As for the matter of campaign contributions, many contributors are bipartisan. In October, preliminary Center for Responsive Politics results revealed that "50,000 contributions who" had "given to President Bush or the Republicans" had "given $10,697,198 in large contributions to Kerry" and that "[e]ven among these 700 [Republicans who contributed money to Nader/Camejo] the Democrats received more money than Nader/Camejo -- $111,700 to $146,000" (Kevin Zeese and Virginia Rodino, "Kerry Receives 100 Times More in Contributions from GOP Donors than Nader," October 14, 2004).

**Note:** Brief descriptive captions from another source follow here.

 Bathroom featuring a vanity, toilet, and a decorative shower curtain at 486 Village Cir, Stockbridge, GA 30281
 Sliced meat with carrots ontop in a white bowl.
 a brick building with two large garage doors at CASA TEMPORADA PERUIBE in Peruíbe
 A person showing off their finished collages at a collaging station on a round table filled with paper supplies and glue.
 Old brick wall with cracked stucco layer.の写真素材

More importantly, the 2004 elections were the most expensive elections in the history of the United States. The Center for Responsive politics estimated that "a record $3.9 billion" was spent on presidential and congressional races, "a 30 percent increase over the $3 billion spent on federal elections four years ago" ("04 Elections Expected to Cost Nearly $4 Billion: Presidential Race to Top $1.2 Billion," October 21, 2004). John Kerry, who received $322,574,967, made out almost as well as George W. Bush, who raked in $366,554,535 (Opensecrets.org, "2004 Presidential Election"). Rather than shopping politics or buying blue, leftists ought to be making a stink about the brazenly plutocratic politics of One Dollar One Vote.